Abstract
Social networks have gained tremendous popularity recently. Millions of people use social network apps to share precious moments with friends and family. Users are often asked to provide personal information such as name, gender, and address when using social networks. However, as the social network data are collected, analyzed, and re-published at a large scale, personal information might be misused by unauthorized third parties and even attackers. Therefore, extensive research has been carried out to protect the data from privacy violations in social networks. The most popular technique is graph perturbation, which modifies the local topological structure of a social network user (a vertex) via various randomization techniques before the social graph data is published. Nevertheless, graph anonymization may affect the usability of the data as random noises are introduced, decreasing user experience. Therefore, a trade-off between privacy protection and data usability must be sought.

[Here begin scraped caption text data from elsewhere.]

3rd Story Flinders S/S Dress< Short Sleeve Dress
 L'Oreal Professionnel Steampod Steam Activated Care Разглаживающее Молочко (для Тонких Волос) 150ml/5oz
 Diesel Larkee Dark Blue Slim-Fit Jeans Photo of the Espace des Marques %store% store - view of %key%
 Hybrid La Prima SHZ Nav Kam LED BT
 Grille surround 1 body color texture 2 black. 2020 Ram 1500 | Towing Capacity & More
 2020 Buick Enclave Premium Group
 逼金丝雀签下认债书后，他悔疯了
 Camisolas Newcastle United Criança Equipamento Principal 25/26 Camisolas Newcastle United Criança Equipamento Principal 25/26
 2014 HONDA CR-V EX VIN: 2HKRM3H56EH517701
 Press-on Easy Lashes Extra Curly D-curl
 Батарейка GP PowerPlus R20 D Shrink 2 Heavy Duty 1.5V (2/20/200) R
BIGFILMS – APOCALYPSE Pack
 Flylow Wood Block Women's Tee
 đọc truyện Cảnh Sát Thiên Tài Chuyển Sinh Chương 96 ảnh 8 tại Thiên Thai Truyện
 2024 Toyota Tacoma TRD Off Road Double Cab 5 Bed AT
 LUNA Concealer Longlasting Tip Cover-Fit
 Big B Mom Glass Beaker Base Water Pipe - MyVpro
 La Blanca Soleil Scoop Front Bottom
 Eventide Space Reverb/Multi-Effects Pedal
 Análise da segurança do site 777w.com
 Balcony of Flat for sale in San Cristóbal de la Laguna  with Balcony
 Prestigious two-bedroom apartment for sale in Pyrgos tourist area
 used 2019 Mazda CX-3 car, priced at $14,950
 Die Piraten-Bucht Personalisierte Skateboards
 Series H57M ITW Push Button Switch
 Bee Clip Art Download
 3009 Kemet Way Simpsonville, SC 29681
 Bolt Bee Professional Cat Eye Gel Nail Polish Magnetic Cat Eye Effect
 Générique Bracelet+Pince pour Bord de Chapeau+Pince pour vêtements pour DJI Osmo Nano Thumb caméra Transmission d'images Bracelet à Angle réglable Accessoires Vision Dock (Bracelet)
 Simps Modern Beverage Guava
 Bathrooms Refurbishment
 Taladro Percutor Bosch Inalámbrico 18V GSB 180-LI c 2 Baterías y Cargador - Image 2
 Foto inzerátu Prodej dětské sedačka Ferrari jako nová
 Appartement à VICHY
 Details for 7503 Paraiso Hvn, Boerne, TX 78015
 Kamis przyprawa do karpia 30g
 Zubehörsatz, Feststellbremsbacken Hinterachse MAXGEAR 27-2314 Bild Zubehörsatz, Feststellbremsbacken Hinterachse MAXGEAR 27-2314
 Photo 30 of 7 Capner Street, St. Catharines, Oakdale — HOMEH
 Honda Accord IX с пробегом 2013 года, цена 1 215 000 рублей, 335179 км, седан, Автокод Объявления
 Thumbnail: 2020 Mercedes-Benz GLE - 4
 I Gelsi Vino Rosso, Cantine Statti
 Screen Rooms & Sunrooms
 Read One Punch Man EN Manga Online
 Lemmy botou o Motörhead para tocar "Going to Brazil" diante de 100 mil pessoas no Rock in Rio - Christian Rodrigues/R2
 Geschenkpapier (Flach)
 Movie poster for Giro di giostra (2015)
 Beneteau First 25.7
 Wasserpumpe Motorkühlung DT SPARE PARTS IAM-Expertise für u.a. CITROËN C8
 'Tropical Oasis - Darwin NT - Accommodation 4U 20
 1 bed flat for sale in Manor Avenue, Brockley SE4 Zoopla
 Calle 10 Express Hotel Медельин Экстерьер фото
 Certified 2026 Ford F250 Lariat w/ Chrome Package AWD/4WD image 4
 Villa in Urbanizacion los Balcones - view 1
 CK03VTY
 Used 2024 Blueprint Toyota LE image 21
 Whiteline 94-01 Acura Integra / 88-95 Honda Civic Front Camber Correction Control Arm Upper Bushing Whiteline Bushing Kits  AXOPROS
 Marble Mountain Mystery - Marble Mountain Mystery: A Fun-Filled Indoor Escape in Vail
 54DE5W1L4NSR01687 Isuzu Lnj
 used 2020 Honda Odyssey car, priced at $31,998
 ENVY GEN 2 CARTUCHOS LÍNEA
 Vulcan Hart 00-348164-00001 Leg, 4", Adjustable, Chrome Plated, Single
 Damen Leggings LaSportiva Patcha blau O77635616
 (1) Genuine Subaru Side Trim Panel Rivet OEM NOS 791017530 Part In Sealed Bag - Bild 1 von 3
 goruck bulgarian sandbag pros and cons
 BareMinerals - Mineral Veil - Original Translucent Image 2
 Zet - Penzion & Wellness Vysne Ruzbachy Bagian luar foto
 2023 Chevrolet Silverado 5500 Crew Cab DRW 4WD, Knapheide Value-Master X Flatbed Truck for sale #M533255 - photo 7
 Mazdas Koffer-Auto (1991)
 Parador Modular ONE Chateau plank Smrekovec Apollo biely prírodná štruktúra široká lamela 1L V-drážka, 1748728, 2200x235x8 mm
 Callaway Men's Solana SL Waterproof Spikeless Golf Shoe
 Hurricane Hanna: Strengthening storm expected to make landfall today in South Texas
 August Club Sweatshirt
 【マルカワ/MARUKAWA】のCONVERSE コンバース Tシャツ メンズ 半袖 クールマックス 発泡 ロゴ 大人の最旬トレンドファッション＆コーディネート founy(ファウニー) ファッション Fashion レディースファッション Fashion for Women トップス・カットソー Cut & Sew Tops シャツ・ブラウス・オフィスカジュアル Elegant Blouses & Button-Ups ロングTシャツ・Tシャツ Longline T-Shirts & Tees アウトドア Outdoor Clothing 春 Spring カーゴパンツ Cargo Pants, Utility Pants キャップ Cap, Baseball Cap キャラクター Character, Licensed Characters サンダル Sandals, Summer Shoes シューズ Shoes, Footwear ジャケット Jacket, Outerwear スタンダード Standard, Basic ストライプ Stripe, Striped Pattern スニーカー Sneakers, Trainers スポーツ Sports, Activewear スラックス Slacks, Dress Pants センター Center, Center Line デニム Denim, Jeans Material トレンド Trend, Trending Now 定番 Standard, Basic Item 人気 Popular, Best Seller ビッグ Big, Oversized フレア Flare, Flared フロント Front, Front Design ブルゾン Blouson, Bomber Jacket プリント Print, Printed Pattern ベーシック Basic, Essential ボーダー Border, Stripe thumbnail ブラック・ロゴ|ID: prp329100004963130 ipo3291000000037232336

In this paper, we employ various graph and application utility metrics to investigate this trade-off. More specifically, we conduct an empirical study by implementing five state-of-the-art anonymization algorithms to analyze the graph and application utilities on a Facebook and a Twitter dataset. Our results indicate that most anonymization algorithms can partially or conditionally preserve the graph and application utilities and any single anonymization algorithm may not always perform well on different datasets. Finally, drawing on the reviewed graph anonymization techniques, we provide a brief overview on future research directions and challenges involved therein.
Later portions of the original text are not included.